Le monde (pas si) triste de Courtney Barnett

Cheveux filasses, regard dans le vide, chemise à carreau sur ses épaules rentrées, enveloppées dans un hoodie trop grand pour elle. Attitude. Autant dire que Courtney Barnett, chanteuse de 25 ans vivant à Melbourne, n’en a rien pas grand chose à secouer du regard des autres. Quoique, à l’entendre, c’est un poil plus compliqué que ça. « On dit souvent que l’on projette nos émotions dans les choses qui nous entourent », dit-elle. « L’art est bien pour ça : pour créer une réflexion chez le spectateur. J’en ai quelque chose à foutre du monde et des personnes qui s’y trouvent mais parfois, c’est dur de garder espoir ». De là à dire qu’on la croirait tout droit sortie d’un film de Todd Solondz voire, carrément, d’une Daria à la sauce rock lo-fi, il n’y a qu’un pas qu’elle ne franchit pas pour autant. « Non, Daria est beaucoup plus intelligente que moi. Et peut-être un peu trop cynique. Je ne fais pas preuve de cynisme, juste d’un désenchantement envers le monde », souffle-t-elle. Barnett ne revendique aucune œuvre ou groupe dont elle se sent proche, cultivant ainsi une forme alliant chill et autisme fainéant.

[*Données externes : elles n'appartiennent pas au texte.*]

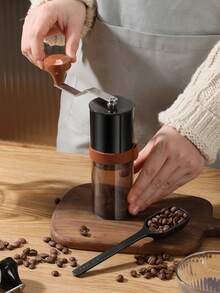 Máy xay cà phê cầm tay, sử dụng ngoài trời và trong nhà, máy pha cà phê espresso nhỏ gọn, xay bột mịn, đa năng - Nhiều màu - Xem 5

Il n’empêche, à l’instar de l’héroïne de MTV, Barnett fait montre dans ses chansons d’un humour pince-sans-rire un peu las qui fait mouche. La chanson au titre-valise « Avant Gardener » en est la preuve formelle : avec sa diction fatiguée, Barnett raconte que ses voisins l’imaginent construisant un laboratoire de méthamphétamine. Sans oublier le titre de son premier album (disponible et qui sortira le 10 février en France), The Double EP : A Sea of Split Peas. Ouais, un double EP. Pas un LP, un double EP. Celle qui dit avoir commencé « en écoutant des mixtapes avec son frère et en bâtissant des villes de Lego » a une façon toute particulière d’évoquer sa musique, son « journal intime en version audiobook ». Avec de vrais morceaux de vie à l’intérieur, forcément. Si vous pensiez que le titre « I’ve Got a Friend Called Emily Ferris » était un bon exercice absurde, ou bien du second degré, vous vous trompez. Emily Ferris est « l’amie la plus géniale qu’on puisse avoir » d’après Courtney Barnett. « On travaillait ensemble mais elle a déménagé à Sydney ». Sick Sad World.

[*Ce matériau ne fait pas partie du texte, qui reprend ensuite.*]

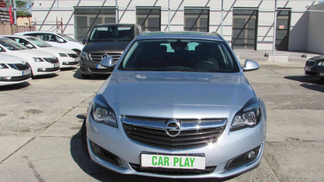 Wóz Opel Insignia 2016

Quand on est une petite geek – ou freak, c’est au choix – de Melbourne, Dieu sait que faire partie d’une communauté, c’est important. C’est ce qui poussa Barnett à monter son propre label () l’année dernière. « Je n’ai jamais pensé à être ‘signée sur un label’. J’ai juste écrit un disque dans ma chambre et je l’ai enregistré avec mes potes. J’ai donc monté ce label pour pouvoir vendre ce disque aux personnes qui ont senti cette connexion avec la musique » renseigne-t-elle. Un label dont la seule ambition est de « sortir de la bonne musique et de réunir les gens ensemble » et dont le nom vient du « Milk It » de Nirvana, bien sûr, mais aussi de « Sean Penn dans Harvey Milk. » confesse Barnett. Avant de nous clouer le bec : « Et du lait de soja ». Pince-sans-rire, qu’on vous dit.